SIL Calcs 101: Proof Testing
Proof Testing Basics.
Time to complicate our lives a bit! Proof testing is essential to most safety integrity level calculations, and while the details of how to calculate proof test coverages, or how to execute good proof tests, are worthwhile topics, this post is going to focus on the nuts and bolts of modeling proof testing.
Proof Test Example
The best way to do this is to just dive straight into an example. It’s worth noting that we are going to do this the long way the first time through, after which we will generalize and also automate the method a bit.
Look at the first graph below, it shows the evolution of a single element system with no proof testing. Assume that the system has some lambda value, it doesn’t much matter what it is for right now.
Now check out the next graph, it still has the system above, but I have added a system that has 15% of the lambda of the original system. We’ll talk more about what this means later, but for now, consider it a useful reference when thinking about proof testing.
The next graph shows the evolution of a proof tested system superimposed over the original non-proof tested system (with the 15% lambda system on the graph as a reference). The two superimposed systems (proof tested and not proof tested) have the same lambda. The proof test is done with 85% coverage, which we will talk about in just a minute.
If you are unfamiliar with the notion of proof testing, those sudden vertical drops in PFD are where we are executing the proof tests. Testing is typically done at regular intervals; we go out to the field and stroke the valve, float the level switch, etc. The test either proves that the system is functional, or finds defects that need to be repaired.
Based on the completeness/rigor of the test, we take a certain amount of credit, e.g. we might take 85% credit for stroking a valve. What this says is that we are confident that, with the testing done, we’ve found 85% of the possible failures for that valve. This implies that 15% of the failures could not be found by our test, and so we drop the PFD of our system down so that it meets up with the PFD of a system with only 15% of the lambda value.
What’s really important to notice here is that the proof tested system is exactly the same as the untested system, up until the point of the first proof test. The two systems literally sit on top of each other in the graph. With that in mind, lets start modeling our proof tested system. We’ll stick with a 1oo1 system for now, go ahead and add a column to your spreadsheet for this model:
Notice that I just set the PFD (probability of failure on demand) equal to the basic, single level switch, case. Again, this is because, until we actually go out and do a proof test, the system is identical to the untested case. Also notice that I modeled down to time 2856 hours. We are going to do our proof tests at four month intervals: 30 days in a month x 24 hours in a day x 4 months = 2880 hours.

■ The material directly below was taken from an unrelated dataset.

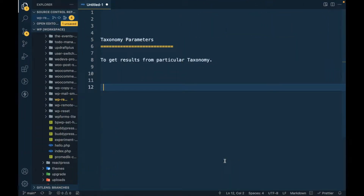In this video we are going to talk about taxonomy parameters in WP Query. If you don't know what taxonomy is, I will provide a link in the description section — please watch that video first and then come back to this video.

So, hour 2856 is the day before the proof test! Basically, we’ve modeled up until the point where we execute the test, now we need to talk about what happens on the day of the proof test.
We go out and do the test, and either we prove that everything works, or we find issues and correct them. Assume that our proof test has 85% coverage, that means that we find 85% of the potential failures of our level switch. We model this by adjusting our probability of failure on demand down, specifically we drop the PFD down to the level of a system with 15% of the lambda:
Notice that I calculate the PFD on the day of the proof test by evaluating a system with 0.15*λ. Why is this justified? Well, we’ve found all of the failures—via our proof test—associated with 85% of the level switch’s lambda (i.e I went out and float tested the level switch, and on the basis of that test, I am confident that of all the possible ways the level switch could be failed, 85% of them can’t possibly be true) so, the failures that are left must correspond to the 15% of lambda we were unable to test. These failures grow unfettered since the moment the device is put into service, so on the day of the proof test, it’s reasonable to say that the PFD of the level switch, after testing, is simply the PFD associated with the 15% of failures we couldn’t find.
After the Proof Test
Great, we did a proof test, and even better, we modeled it! What now? The key question here is, how does the system evolve in time after we do the proof test. Well, it evolves the same as before, according to the basic equation, and governed by lambda. What, however, would you propose we input for time in our equation? Think about this for a minute, if we just carry on, plugging in the next day—hour 2904—what would our system look like? Let me graph that approach for you:
This can’t be right. We went out and did a proof test, our PFD dropped for a second, and then shot right back up to where it was before. Remember that this is a model, not reality. Out in the field time moves ahead as normal, but we are modeling PFD using the equation:
This is a straightforward function of time: it maps values of PFD to unique values of time. So, if our PFD after the proof test is lower, then we can conclude that our time must be earlier!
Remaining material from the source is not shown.